§ **Information provided**

******************************

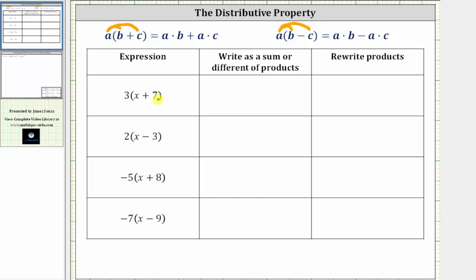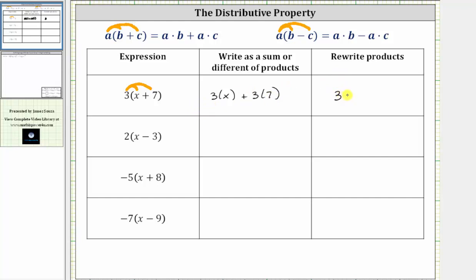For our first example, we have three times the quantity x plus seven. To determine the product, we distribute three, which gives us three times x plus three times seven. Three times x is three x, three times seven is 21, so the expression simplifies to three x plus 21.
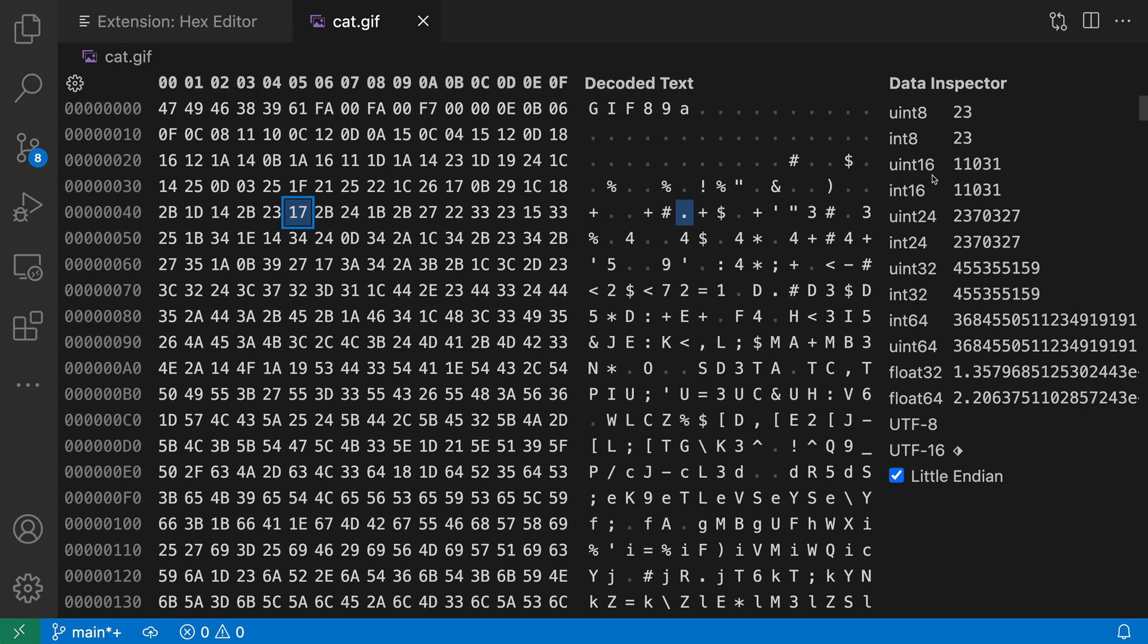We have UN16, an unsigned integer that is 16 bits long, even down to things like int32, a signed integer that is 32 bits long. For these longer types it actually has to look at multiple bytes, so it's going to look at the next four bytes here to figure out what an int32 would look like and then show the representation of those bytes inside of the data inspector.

******************************

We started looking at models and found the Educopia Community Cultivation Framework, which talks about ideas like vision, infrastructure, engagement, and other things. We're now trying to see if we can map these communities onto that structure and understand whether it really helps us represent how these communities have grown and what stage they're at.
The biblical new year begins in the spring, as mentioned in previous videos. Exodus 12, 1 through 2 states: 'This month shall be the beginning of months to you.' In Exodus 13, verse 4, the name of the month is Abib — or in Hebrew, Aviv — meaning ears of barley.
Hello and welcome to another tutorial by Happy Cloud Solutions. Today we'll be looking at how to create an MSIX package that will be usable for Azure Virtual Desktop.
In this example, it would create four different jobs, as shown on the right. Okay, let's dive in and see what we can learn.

******************************

Above are the records; print exactly the lines from the line with "Hello and welcome" to the line with "In this example, it", including both, and nothing else.

§ **Answer box**
Hello and welcome to another tutorial by Happy Cloud Solutions. Today we'll be looking at how to create an MSIX package that will be usable for Azure Virtual Desktop.
In this example, it would create four different jobs, as shown on the right. Okay, let's dive in and see what we can learn.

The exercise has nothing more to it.